Por otra parte, los disturbios también han vuelto a mostrar que la desigualdad social tiene una traducción espacial. Actualmente, más de 6 millones de franceses viven en barrios catalogados como “prioritarios” por la política urbana estatal. La lógica, desde finales de los años 70, era que ante la dificultad (o la no voluntad) de atacar las causas estructurales de la desigualdad se optaba por unas intervenciones localizadas en aquellos barrios que presentaran malos indicadores sociales. La política urbana estatal ha permitido financiar numerosas entidades e iniciativas sociales, o abrir nuevos equipamientos públicos y culturales. La llegada de Emmanuel Macron a la presidencia de la República en 2017 supuso, sin embargo, un giro significativo con un recorte del 11% en esta política. Ese mismo año, el gobierno también recortó los empleos subvencionados o las ayudas a la vivienda (APL), lo que afectó enormemente a la realidad de los barrios. Allí donde la infrafinanciación del Estado se nota más, su parte represiva, con la policía al frente, configura la imagen conflictiva que los jóvenes tienen del Estado en términos más generales.

Frente a una política urbana limitada pero fuertemente articulada al tejido asociativo, Macron optaba por un discurso centrado en la emancipación individual como una solución a los problemas de los barrios, reforzando una visión en la que el esfuerzo personal podría sobreponerse a las estructuras sociales de desigualdad. El presidente ensalzaba así el rol de la compañía Uber (empresa a la que ayudó secretamente el propio Macron para que ganara su batalla legal y lograra instalarse en Francia) en estos barrios “difíciles”, ya que haría de los jóvenes “chóferes” antes que “traficantes o delincuentes”. A su vez, el plan de acción “barrios 2030” se ha quedado en una promesa eterna incumplida a pesar del grito de alerta lanzado por los alcaldes de muchas de estas ciudades a finales de mayo y que hablaba de un sentimiento de abandono de la República hacia sus ciudadanos, reclamando así la puesta en marcha de un plan de urgencia. 

Así, estos barrios concentran la pobreza (la tasa de pobreza en Seine Saint-Denis, el departamento más pobre de Francia, ha subido de 10 puntos en los últimos 15 años) y la segregación que van en aumento por la inacción gubernamental.

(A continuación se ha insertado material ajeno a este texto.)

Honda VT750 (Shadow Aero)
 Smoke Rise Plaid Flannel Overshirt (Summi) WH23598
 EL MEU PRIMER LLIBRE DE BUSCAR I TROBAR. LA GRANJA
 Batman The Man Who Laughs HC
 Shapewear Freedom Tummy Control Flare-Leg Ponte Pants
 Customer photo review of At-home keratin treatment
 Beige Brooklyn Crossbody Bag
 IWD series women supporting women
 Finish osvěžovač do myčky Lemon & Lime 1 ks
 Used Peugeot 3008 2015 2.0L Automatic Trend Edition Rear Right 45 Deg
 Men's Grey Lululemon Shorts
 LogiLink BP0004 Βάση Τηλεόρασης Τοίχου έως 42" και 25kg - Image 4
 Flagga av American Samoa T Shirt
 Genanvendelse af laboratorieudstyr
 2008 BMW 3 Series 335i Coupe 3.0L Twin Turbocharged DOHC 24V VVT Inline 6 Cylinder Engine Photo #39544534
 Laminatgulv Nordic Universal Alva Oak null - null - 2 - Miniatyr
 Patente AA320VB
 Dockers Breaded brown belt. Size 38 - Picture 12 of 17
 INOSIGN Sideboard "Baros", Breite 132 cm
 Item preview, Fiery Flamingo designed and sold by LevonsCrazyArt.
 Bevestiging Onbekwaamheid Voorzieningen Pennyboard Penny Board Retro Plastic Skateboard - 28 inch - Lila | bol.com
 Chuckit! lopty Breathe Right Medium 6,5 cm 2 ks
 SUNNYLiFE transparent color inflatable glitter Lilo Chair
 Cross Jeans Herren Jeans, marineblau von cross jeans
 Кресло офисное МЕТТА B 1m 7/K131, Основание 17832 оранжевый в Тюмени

Sus ciudadanos, que no ven en las elecciones una forma de mejorar su vida y confían poco en la política por sus promesas incumplidas, han visto cómo se vacían de recursos e intermediarios asociativos e institucionales que puedan vehicular sus reclamos. Resulta, por lo tanto, bastante hipócrita sorprenderse o denunciar ad nauseam las violencias cuando se han taponado todas las canalizaciones políticas de la cólera. 

Movilizando exclusivamente unidades de intervención especial, amenazando judicialmente, buscando chivos expiatorios en los videojuegos o dando lecciones morales sobre la violencia, el Gobierno ha intentado vaciar todo contenido político de estas protestas. En su lugar, podría llevar a cabo una reforma de arriba abajo de la policía, substituyéndola por unas fuerzas de seguridad de proximidad que conozcan bien los barrios o un plan ambicioso de política urbana que no se quede en la mera retórica y que tenga en cuenta a los agentes locales. Sin embargo, la salida represiva de la crisis con la militarización policial es ceder, de nuevo, ante los sindicatos policiales de extrema derecha. Se trata de una respuesta cortoplacista que instaura el marco securitario que la extrema derecha demanda y pasa la patata caliente, a la espera de un próximo y aún más sonoro estallido de las banlieues. 

Las encuestas muestran que la tolerancia con las minorías no deja de aumentar en Francia, a pesar de los discursos del campo político y mediático que se han empleado a fondo para construir un “problema público” alrededor de algunos fenómenos como, por ejemplo, la inmigración o la expresión pública del islam. Estas violencias y su respuesta política pueden degradar más la imagen de los jóvenes de las banlieues en unos disturbios que, como en 2005, pueden ser más vistos como “étnicos” que como sociales. Y es en este contexto donde la extrema derecha puede explotar su división “entre un pueblo blanco, periurbano, rural y”virtuoso“abandonado por el Estado y unos habitantes demonizados de los barrios periféricos a los que acusa, falsamente, de aprovecharse de las ayudas sociales”.